I can confirm she is fully qualified and quite resilient to stuff like this. To be fair they could have made something more salacious up.

Idiots some people, she is doing well and we should be cheering her on as a young woman wanting to better herself


----------



## Guest (Nov 2, 2010)

Would the knives have been out if she hadn't done so well last week?  Typical of our media to go for someone who has done well


----------



## hbrodie (Aug 17, 2007)

typical british media. shame on them!


----------



## TwiceBlessed (Nov 8, 2006)

soooo pleased annoying alex is gone


----------



## DizziSquirrel (Feb 15, 2005)

Sky+ ( Sky) packed up on us!! so missed the middle of the show, however the right man went!


----------



## Mish3434 (Dec 14, 2004)

Yes the right man definately went last night, didn't watch the BBC2 programme as was so tired, so looking forward to watching that tonight xx


----------



## hbrodie (Aug 17, 2007)

yay goobye alex!


----------



## Guest (Nov 11, 2010)

God, he was irritating!  I thought Chris did quite well at maintaining his cool in the boardroom whcih infuriated Alex even more!  Can't believe he did not bring Laura in but it serves him right as AS saw through his reason for bringing Sandeesh back.
Are the two teams going to be restructured again?  It seems a bit lopsided with one strong team and one team of total misfits.


----------



## TwiceBlessed (Nov 8, 2006)

I was on FF at the same time so was only half watching but he even cut through my concentration and annoyed me.... missed the whole why he brought Sandeesh in can someone explain what that was about...


----------



## hbrodie (Aug 17, 2007)

I am not 100% sure why but I think it was due to her chosing bad colours on the bottle    I think her pitch was ok though so I dont think it was that. he brought chris in due to the theme he chose.

laura irritates me too. also, agree they need restructuring   

can someone remind me what next weeks is?


----------



## LittleMissM (Jul 23, 2010)

RE the Sandeesh thing.
She did the pitch and the Advertising people said she did it well, it was the only compliment in the whole thing that they got.
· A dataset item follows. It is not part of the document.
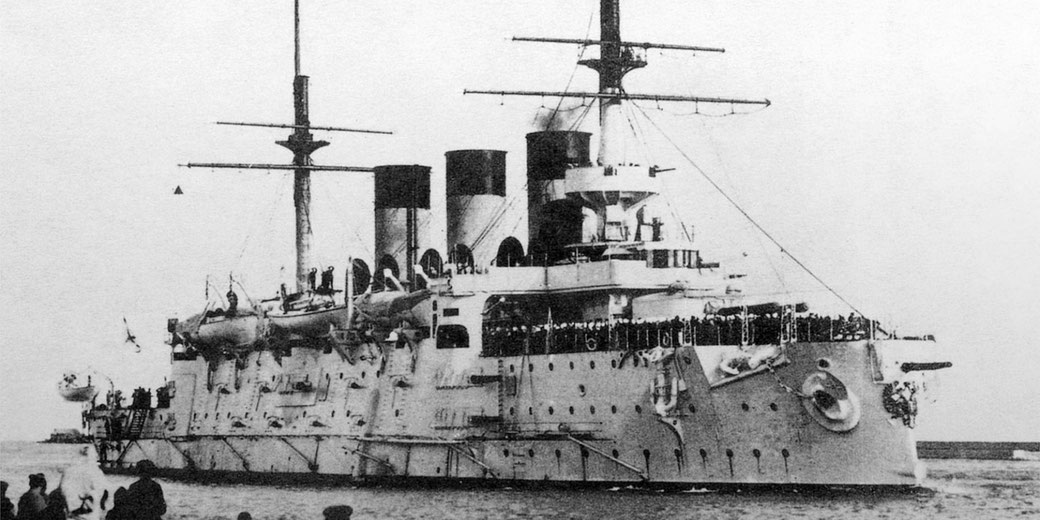 Black and white photo of an early armored warship at sea, packed with crew on deck, with tall masts, smokestacks, lifeboats, and heavy naval fittings.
Sandeesh mentioned in the boardroom that when they were at the focus group they said they prefer yellow for the bottle. Alex said they did not say this to him and the nodding dog agreed with him. So he thought this was a good enough excuse to bring her back.
Wrong choice by him, right choice by Lord Sugar in my opinion!


----------



## hbrodie (Aug 17, 2007)

that was it, now I remember   
sandeesh's eyes freak me out BTW. I swear she is trying to hypnotise lors sugar into hiring her


----------



## LittleMissM (Jul 23, 2010)

I agree    I just want to get some wet wipes and clean that eyeliner off her eyes, it makes them even more freaky and scary!!!


----------



## hbrodie (Aug 17, 2007)




----------



## Jane D (Apr 16, 2007)

She has coloured contact lenses in as well.  Reminds me a bit of Lady gagas big eye make up in Bad romance video.
Delighted the Alan Partridgesque derranged Alex went.  what a load of total losers though last night, both ads were awful.  How sexist and cheesy was the octopus one?  Was expecting to see Christopher turn into Sid James or benny Hill.


----------



## LittleMissM (Jul 23, 2010)

I didnt realise that about the lenses - yuck! Why

I also think it was so sleazy and despite the bottle would have gone with the other team! I really expected Chris to actually say come on then lets film a bed scene after she offered an 'early night'.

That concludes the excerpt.